This is pretty accurate. The rules are so minimal in AoS that power gaming seem kind of pointless. The whole OP model thing was some silly myth the internet cooked up back before the started set even released, that I guess is STILL being perpetuates(?) despite the total lack of point system.


----------



## odinsgrandson (Jun 9, 2009)

This whole thing is a real shame- mostly because the Green Knight was among the best minis Games Workshop ever produced.

Sure, it is old, but GW is still producing quite a few minis that are older. It is a real shame to see it go.


----------



## ntaw (Jul 20, 2012)

Brother Armiger said:


> Still waiting to hear one good thing about AoS.


It's been pretty well received by the dozen or so players in my group so far as I'm aware. No complaints to be heard, heck it's even made me want to build up an army just because I can do whatever the hell I want with the collection and play it as is.

The 'worst' of table top games care not for the system, only their own idea of fun (which usually doesn't brook much room for anyone else's enjoyment of the match).


----------



## Einherjar667 (Aug 23, 2013)

And no matter how you feel abor AoS, the minis are unbelievable. I am a fan of 40k and fantasy, and AoS, but AoS is totally killing it with how cool the models are.


----------



## Brother Armiger (Mar 24, 2016)

Einherjar667 said:


> And no matter how you feel abor AoS, the minis are unbelievable. I am a fan of 40k and fantasy, and AoS, but AoS is totally killing it with how cool the models are.


I did like the look, don't get me wrong. I might be using some of their stuff for my D&D game.


----------



## Einherjar667 (Aug 23, 2013)

Brother Armiger said:


> I did like the look, don't get me wrong. I might be using some of their stuff for my D&D game.



The model quality fuels my interest. Honestly. It definitely fuels my optimism, along with blotting out the excessive internet negativity.


----------



## Xabre (Dec 20, 2006)

Oldman78 said:


> Is there another decent system out there that covers fantasy wargaming?


www.the-ninth-age.com

Fan based continuation of WHFB. Very similar rules set and points, using the existing models.
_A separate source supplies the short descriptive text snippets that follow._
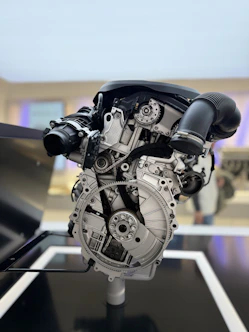 A close up of a motorcycle engine on a table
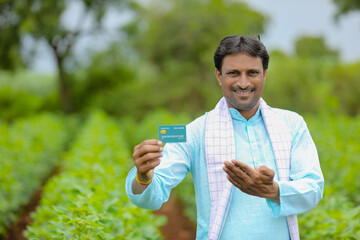 Young indian farmer showing debit or credit card at his green agriculture field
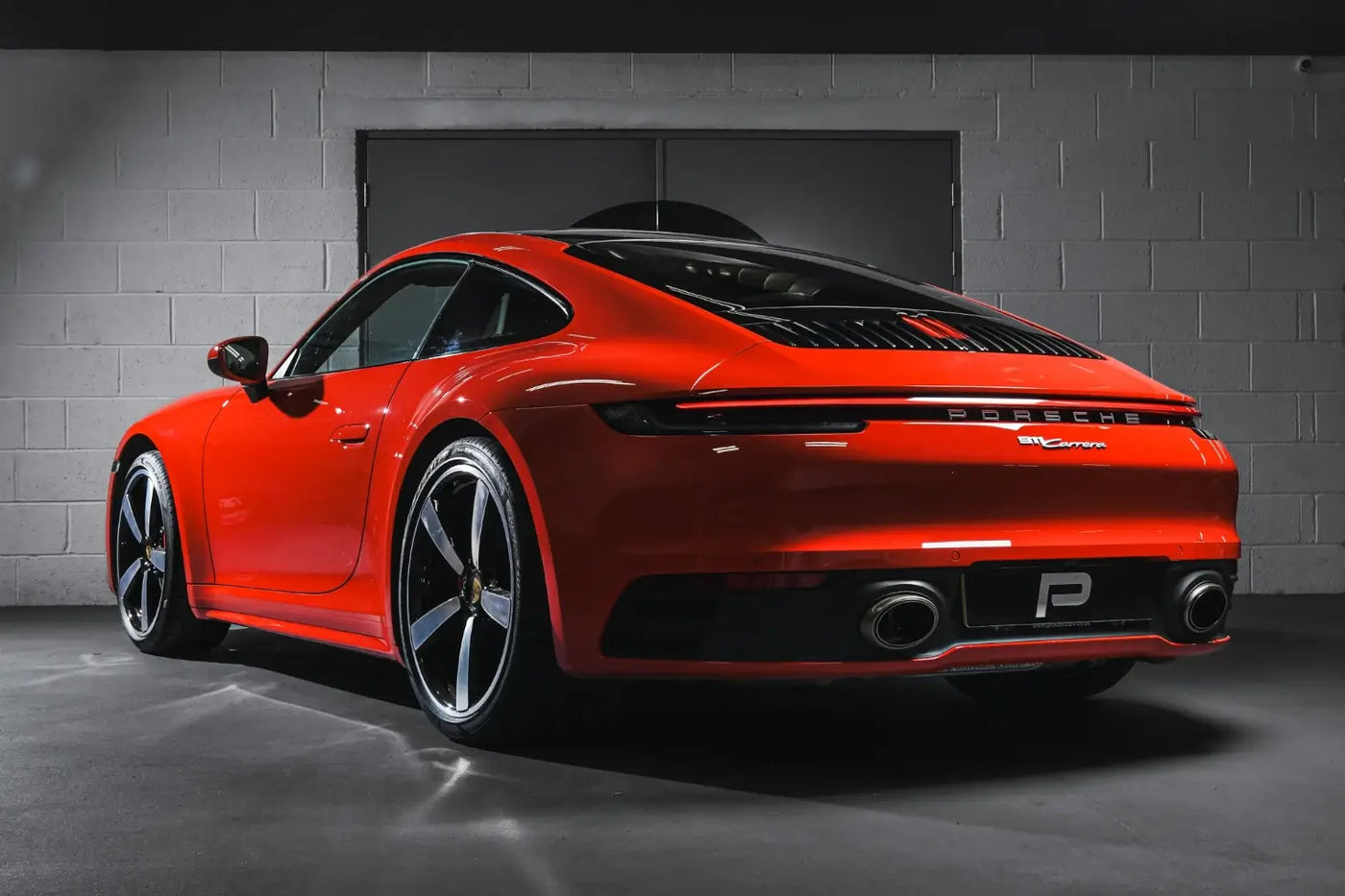 Rear angle shot of Porsche 992 Carrera in Performance Workshop post-installation, featuring Akrapovic Slip-On Race Line performance exhaust.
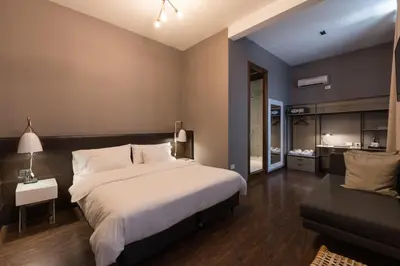 a bedroom with a large bed and a couch at Azur Hotel & Spa in Cordoba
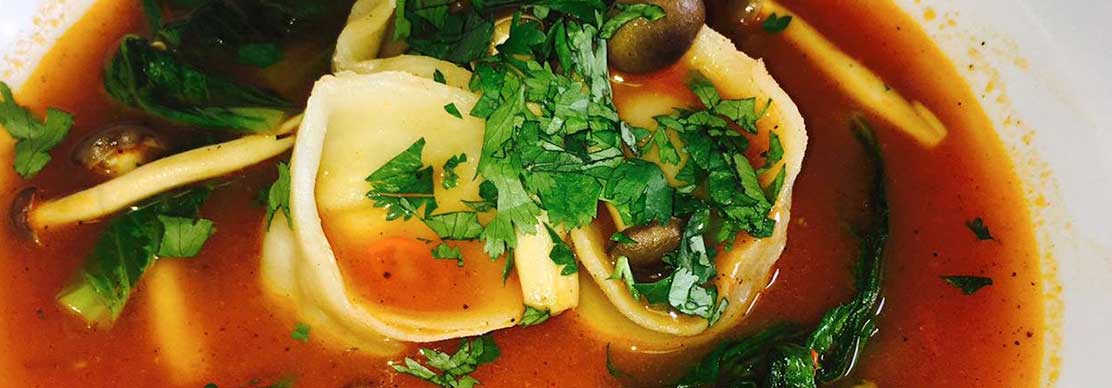 Bowl of dim sum consomme soup with herbs and vegetables in a rich broth. - International Hotel School
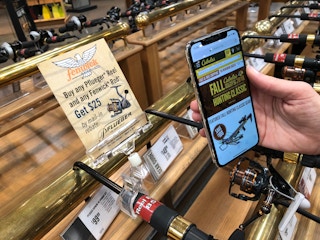 A person's hand holding their cellphone, with the Cabela's site open, in front of a display of fishing rods.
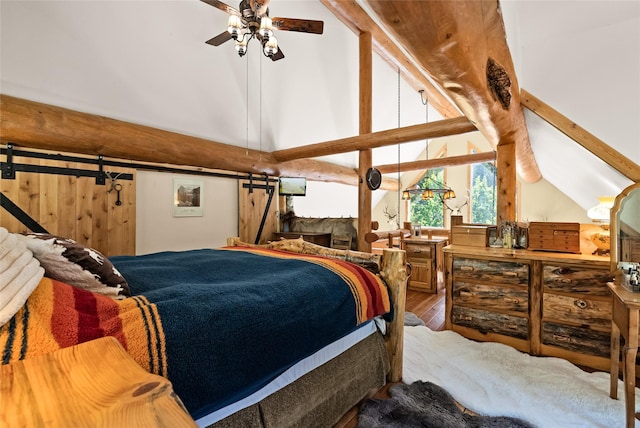 2700 Lyon Creek Rd, Missoula, MT 59804 - bedroom with a barn door and wood finished floors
It's even seeing some love on some of the roster programs like ArmyBuilder.


----------



## Old Man78 (Nov 3, 2011)

Xabre said:


> www.the-ninth-age.com
> 
> Fan based continuation of WHFB. Very similar rules set and points, using the existing models. It's even seeing some love on some of the roster programs like ArmyBuilder.


Cool thanks!


----------



## Xabre (Dec 20, 2006)

Oldman78 said:


> Cool thanks!


There's another group that I don't have the website for that does an '8.5' edition that does the opposite. I learned about them because they just finished writing up Stormcast Eternals using that list.


----------



## Einherjar667 (Aug 23, 2013)

Plus theres Kings of War


----------



## Xabre (Dec 20, 2006)

Einherjar667 said:


> Plus theres Kings of War


I've heard good things about it.

however, it looks a lot like 'Fantasy Lite'.


----------



## Einherjar667 (Aug 23, 2013)

Xabre said:


> I've heard good things about it.
> 
> 
> 
> however, it looks a lot like 'Fantasy Lite'.
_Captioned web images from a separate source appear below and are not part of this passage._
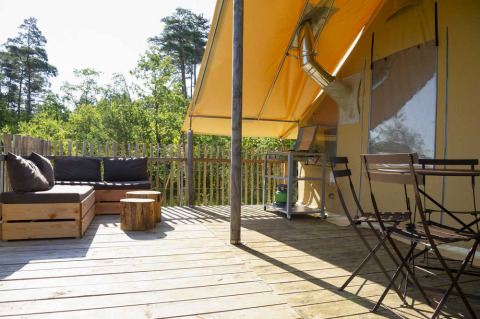 Buitenterras bij een safaritent met houten loungeset, eetset, boomstamtafeltjes en uitzicht op het bos.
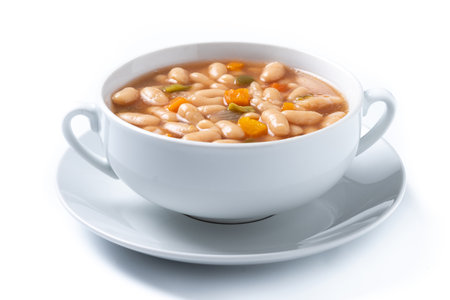 Chickpeas soup with vegetables in bowl isolated on white backgroundの写真素材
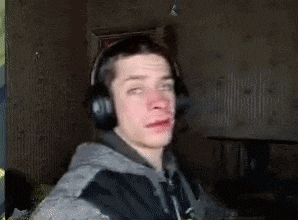 a young man wearing headphones is making a funny face in a dark room .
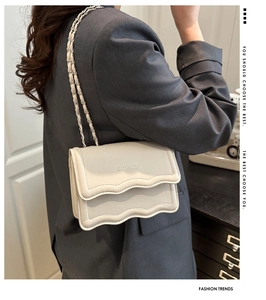 Close-up of cream textured leather shoulder bag with wavy flap and chain strap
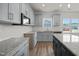 Modern kitchen with granite countertops and stainless steel appliances at 63 Falls River Ct, Broadway, NC 27505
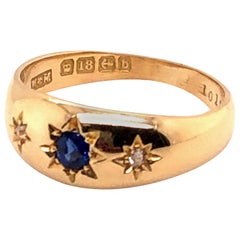 18 Karat Yellow Gold Diamond and Sapphire Star Bezel Gypsy Set Ring
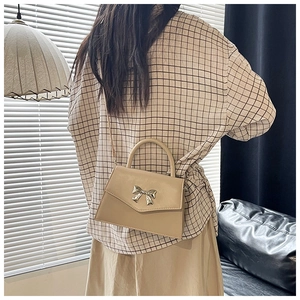 Beige crossbody bag with gold bow buckle shown on model in a daily scene setting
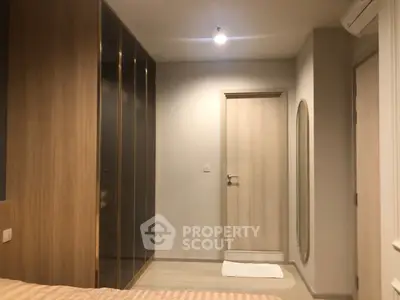 Cozy bedroom with modern wardrobe and soft lighting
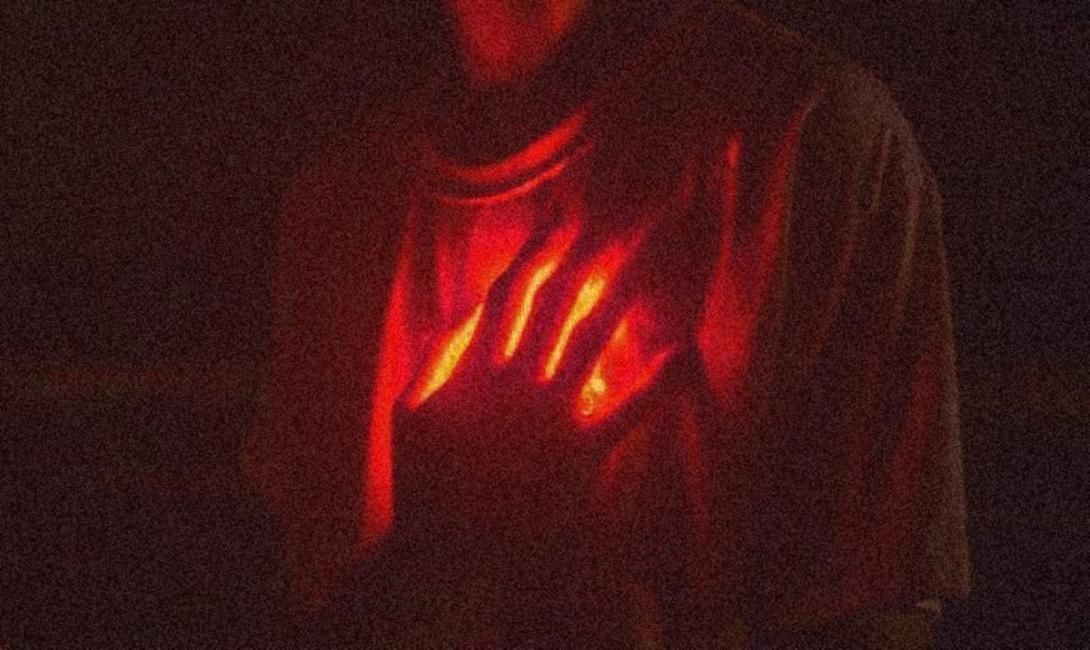 A person's chest glows red, with a hand illuminated in fiery yellow-orange light.
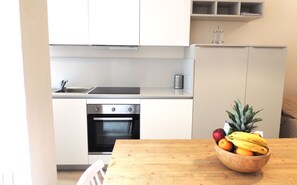 Eine moderne Küche mit weißen Schränken, einem Edelstahlbackofen und einem Holzespeisetisch mit Obstschale.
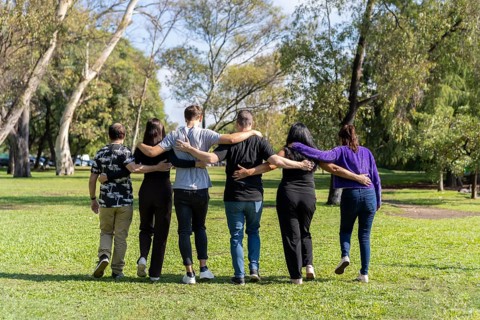 Multi ethnic family group walking arm in arm in a park. Family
Its made by one of the dudes involved with WFB back in the day. I think it draws a lot from early Fantasy. That might explain it


----------



## ntaw (Jul 20, 2012)

Einherjar667 said:


> Its made by one of the dudes involved with WFB back in the day. I think it draws a lot from early Fantasy. That might explain it


Ah crap. Here comes GW legal...


----------